Sejarah Parindra (Partai Indonesia Raya)

Sejarah Parindra (Partai Indonesia Raya)

Sejarah Parindra (Partai Indonesia Raya)

Sejarah Parindra (Partai Indonesia Raya)
Sejarah Parindra (Partai Indonesia Raya)

Sejarah Parindra

Perjuangan radikal yang dilakukan oleh PKI, IP, dan PNI mulai berakhir saat pemerintah kolonial Belanda melaksanakan penangkapan terhadap sejumlah tokoh PNI.

Di samping itu pemerintah kolonial di bawah Gubernur Jenderal de Jonge melaksanakan pengawasan yang ketat terhadap organisasi-organisasi yang ada pada masa itu.

Melihat kondisi tersebut, para tokoh pergerakan mengubah garis perjuangannya.

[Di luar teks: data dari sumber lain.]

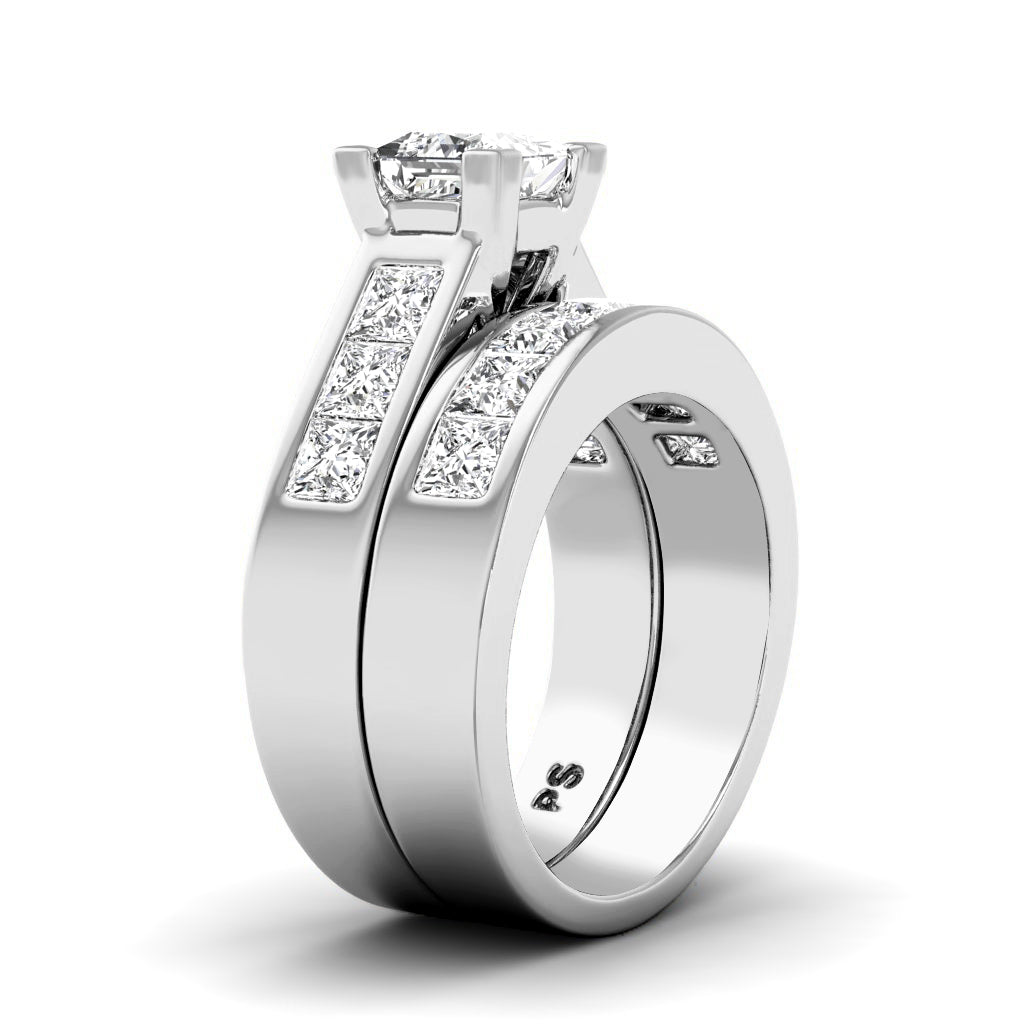 2.60-3.75 CT Princess Cut Natural Diamonds - Bridal Set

Dari yang semula radikal dan nonkooperasi menjadi moderat dan kooperasi dengan menempatkan wakilnya dalam volksraad (semacam tubuh legislatif di Hindia Belanda-pent).

Tokoh pendiri Parindra

Salah satu organisasi yang bersifat moderat ialah Partai Indonesia Raya (Parindra). Parindra didirikan di kota Solo oleh dr. Sutomo pada tanggal 26 Desember 1935. Parindra merupakan fusi antara Budi Utomo dan Persatuan Bangsa Indonesia (PBI).

Tujuan Parindra

Tujuan Parindra ialah mencapai Indonesia Raya. Asas politik Parindra ialah insidental, artinya tidak berpegang pada asas kooperasi maupun nonkooperasi.

Moh. Husni Thamrin

Sikapnya terhadap pemerintah tergantung pada situasi dan kondisi yang dihadapi, jadi luwes. Tokoh-tokoh Parindra yang populer dalam membela kepentingan rakyat di volksraad ialah Moh. Husni Thamrin.

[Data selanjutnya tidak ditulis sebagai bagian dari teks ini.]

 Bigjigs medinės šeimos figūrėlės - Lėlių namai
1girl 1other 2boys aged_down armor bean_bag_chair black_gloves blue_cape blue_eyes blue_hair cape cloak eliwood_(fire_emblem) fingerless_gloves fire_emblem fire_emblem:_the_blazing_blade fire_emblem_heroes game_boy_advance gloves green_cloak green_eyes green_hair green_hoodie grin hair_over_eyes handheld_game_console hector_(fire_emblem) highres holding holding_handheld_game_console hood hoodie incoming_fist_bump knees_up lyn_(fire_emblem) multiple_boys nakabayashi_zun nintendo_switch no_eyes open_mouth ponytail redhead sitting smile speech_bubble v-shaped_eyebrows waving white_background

Parindra berjuang supaya wakil-wakil volksraad semakin bertambah sehingga bunyi yang berafiliasi dengan upaya mencapai Indonesia merdeka semakin diperhatikan oleh pemerintah Belanda.

Perjuangan Parindra dalam volksraad cukup berhasil, terbukti pemerintah Belanda mengganti istilah inlandeer menjadi Indonesier.